Dans les murs de Vincent Farasse, mise en scène de Didier Girauldon
Dans les Murs de Vincent Farasse, mise en scène de Didier Girauldon
Cela commence mal… On nous offre un programme sur papier couché (c’est toujours suspect..), assez laid avec nombreuses photos, note d’intention et extraits de texte imprimés blanc sur noir, assez dissuasifs à la lecture… Sur le plateau, un gros cube avec une couverture, une chaise et deux blocs sur roulettes avec chacun, une porte sombre. Un certain Richard entre sans frapper chez Eddy et revendique très vite la propriété de cet appartement de banlieue. Mais Eddy ne se laisse pas faire: il prétend aussi y habiter même si c’est depuis peu. Le ton monte et un début de dialogue s’installe pourtant entre eux, puis ils boivent un apéro ensemble. Sinon, il n’y aurait évidemment pas de pièce… Et on aura seulement droit à deux monologues bavards. Et cela n’en finit pas de finir pendant une heure dix : soit en ressenti, comme on dit à la météo, au moins plus d’une heure et demi! Que sauver de cela? Peut-être quelques minutes du récit d’une rapide descente aux enfers de cet homme qui va devoir dormir sous une tente parmi des émigrés qui, comme lui, travaillent mais ne peuvent même pas payer un faible loyer. Mais c’est bien tout…

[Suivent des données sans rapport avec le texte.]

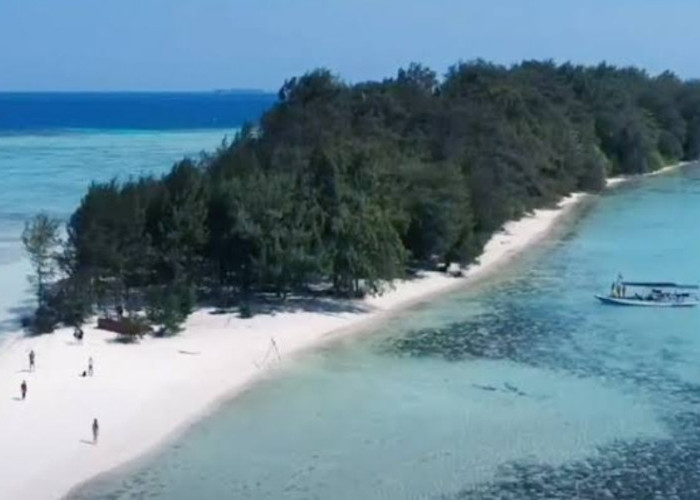 Menikmati Keindahan Alam Pulau Cemara Besar, Pulau Habitat Berbagai Biota Laut yang Cantik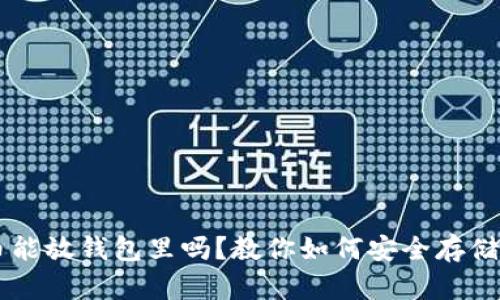 狗狗币能放钱包里吗?教你如何安全存储狗狗币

Pourtant à en croire le metteur en scène, le texte de Vincent Farasse «porte avec un verbe cinglant, un suspense et un humour beckettien » (sic). Puisqu’on vous le dit ! Bien entendu, aucun suspense: on s’ennuie très vite et il n’y a pas la moindre trace d’humour dans ces monologues bavards et prétentieux. «Autant de plongées dans un monde intérieur où le surnaturel affleure, peuplé d’hommes à tête de castor et de mystérieux voleurs d’herbes aromatiques en pot. » (sic) Selon l’auteur, l’écriture de cette piécette au scénario des plus minces, qui fait vaguement penser à celle d’un théâtre documentaire, «a commencé par une discussion avec les bénévoles d’un centre Emmaüs. Ils m’ont appris une chose que j’ignorais : depuis quelques années, parmi les gens sans domiciles (sic), on en croise de plus en plus qui ont un travail. Sous-payé, parfois à temps partiel, parfois non-déclaré, mais un travail. Ils travaillent et cotisent, donc, mais la flambée de l’immobilier et la dégradation des salaires sont telles qu’ils ne parviennent pas à trouver un logement. »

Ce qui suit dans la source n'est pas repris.